Pomegranate: Fast and Flexible Probabilistic Modeling in Python
Pomegranate: Fast and Flexible Probabilistic Modeling in Python


Pomegranate is a Python package for probabilistic modeling that emphasizes both ease of use and speed. In keeping with the first emphasis, pomegranate has a convenient modular API for building complex models out of simple components and a simple sklearn-like API for using them.
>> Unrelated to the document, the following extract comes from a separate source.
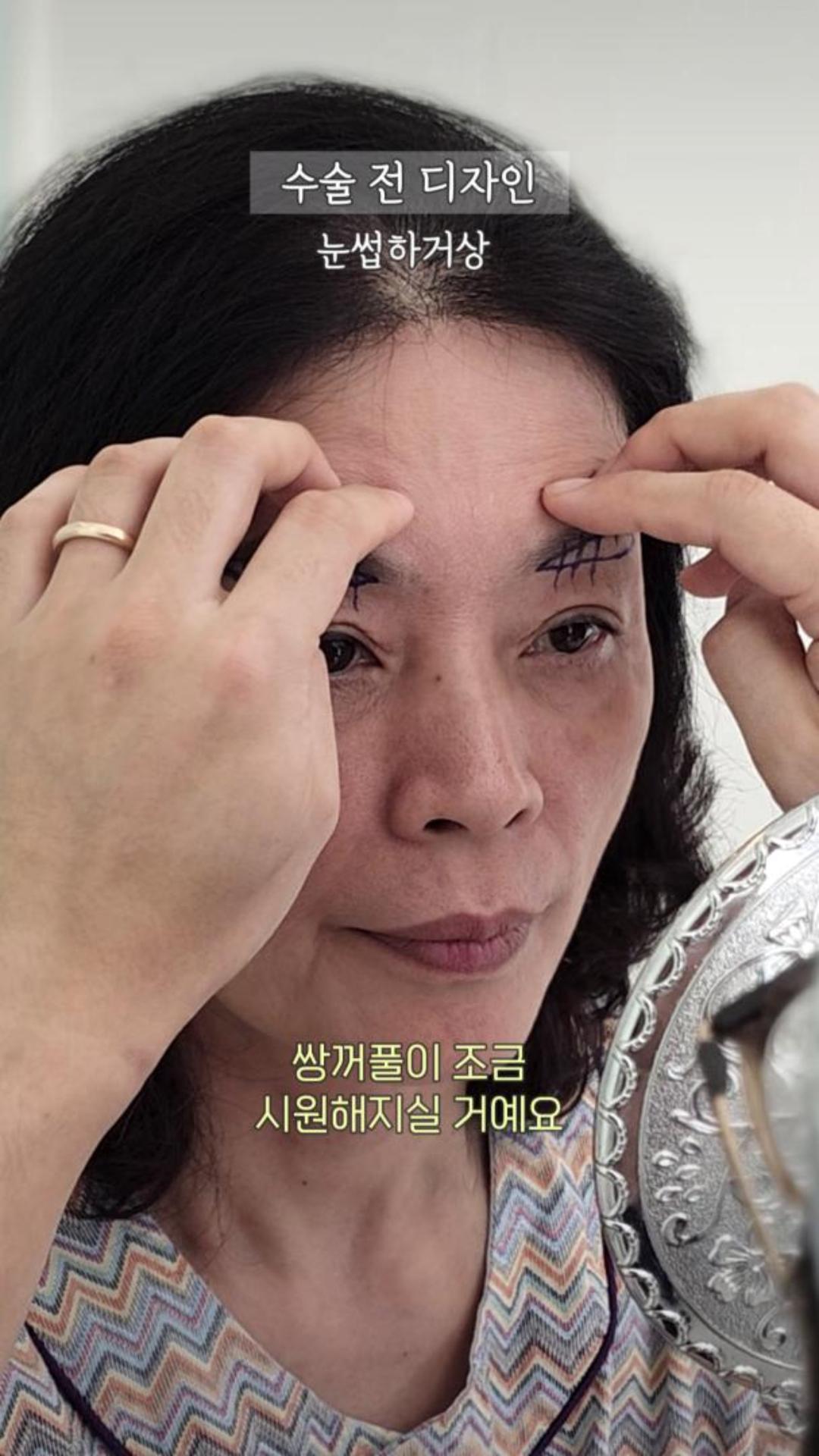 눈썹하거상 1주 후, 한결 또렷해진 60대 여성의 눈매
In keeping with the second emphasis, the computationally intensive parts of pomegranate are written in Cython and all models support multithreaded parallelism and out-of-core computations. In this talk I will give an overview of the features in pomegranate, including missing value support and the new data generators, and demonstrate how they can yield more accurate models. I will also demonstrate how one can use existing components to build neural probabilistic models, such as neural HMMs, using your favorite neural network package.

Session Outline
Part 1: What features does pomegranate have?
In this part you will get a high level overview of the pomegranate package, including the features that are included and how to use them. You will also learn why these features are important in realistic scenarios and see what tricks are involved with implementing them efficiently.

Part 2: A real-world example
In this part we will apply probabilistic modeling to a real world example in order to ground what we've learned.

Part 3: A dive into Bayesian networks
In this part we will do a dive into Bayesian networks in pomegranate, including the theory behind how they work and how they are implemented in pomegranate. We will also cover constraint graphs, which are a way of setting constraints on the process of learning the structure of a Bayesian network and can dramatically speed it up.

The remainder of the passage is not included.